_Exercise requirements_
Reproduce exactly the span of lines beginning at the one with "عروض الكريسماس وراس السنة" and ending at the last line of the data below, omitting pictures.

BEGIN

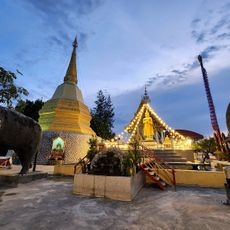 Wat Thong Thammikaram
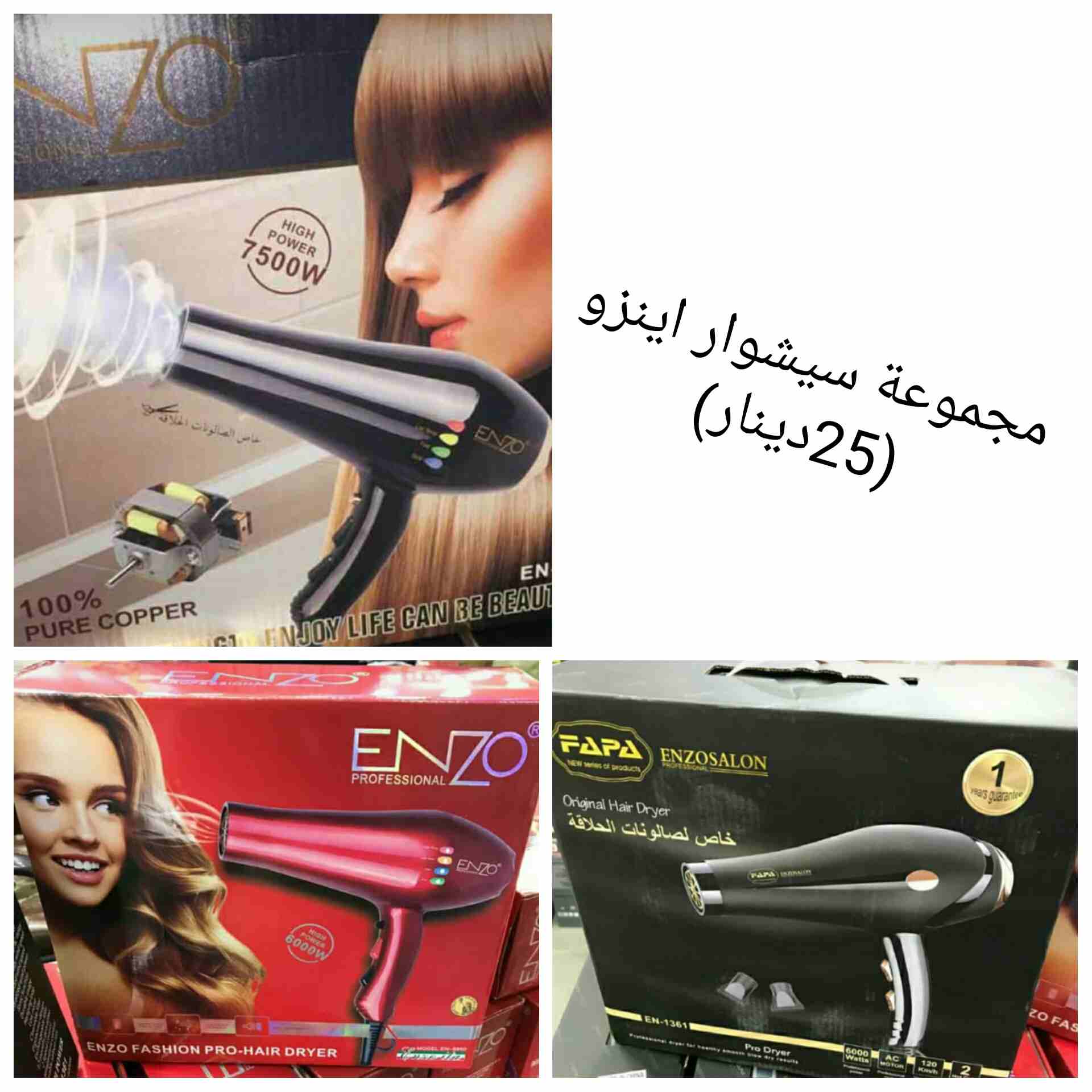 مجموعة تضفيف شعر روعة
لا تنسَ أنك شاهدت هذا الإعلان في عنكبوت
عروض الكريسماس وراس السنة
افضل وار...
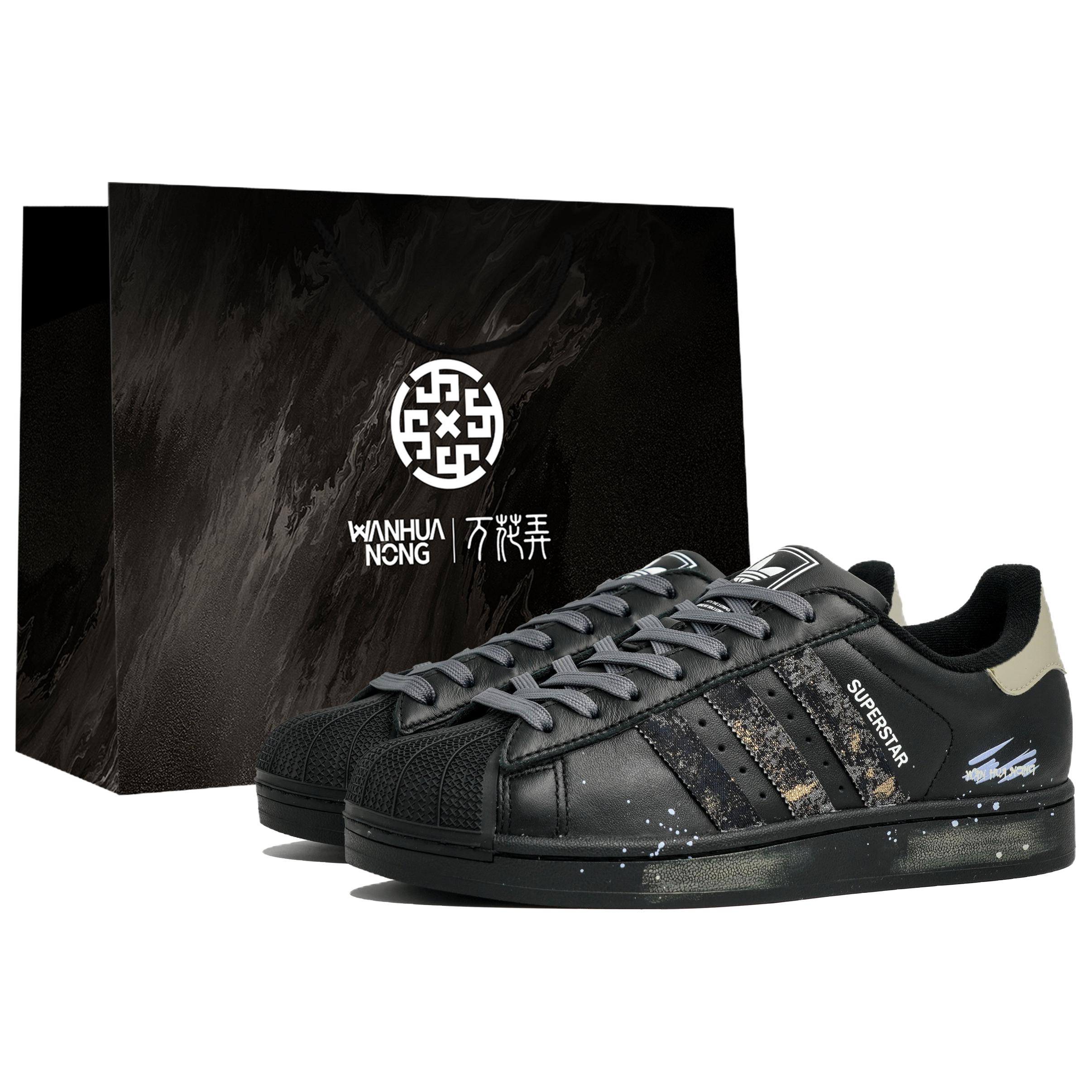 Adidas Originals Superstar 2 Kaleidoscope, Night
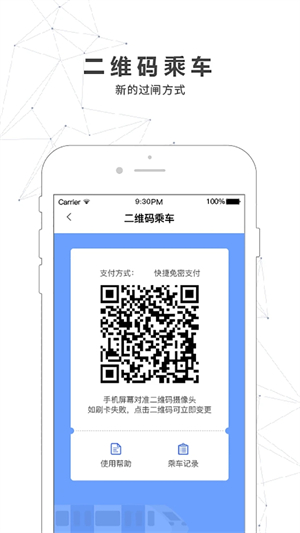 南宁轨道交通app下载 第3张图片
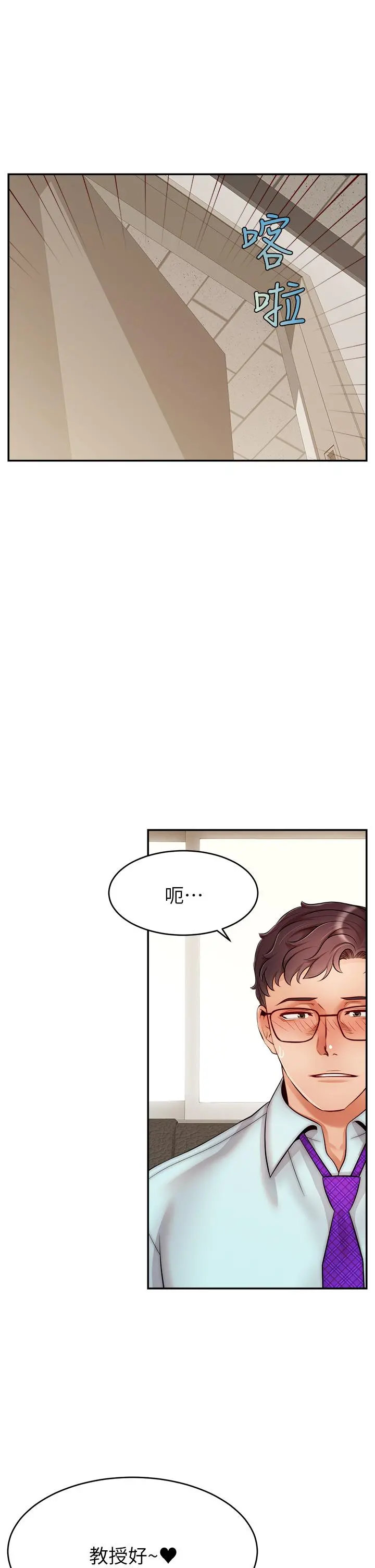 爸爸，请进! 第30话-我最喜欢跟爸做了 第25页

END

_Answer to the problem_
عروض الكريسماس وراس السنة
افضل وار...
 Adidas Originals Superstar 2 Kaleidoscope, Night
 南宁轨道交通app下载 第3张图片
 爸爸，请进! 第30话-我最喜欢跟爸做了 第25页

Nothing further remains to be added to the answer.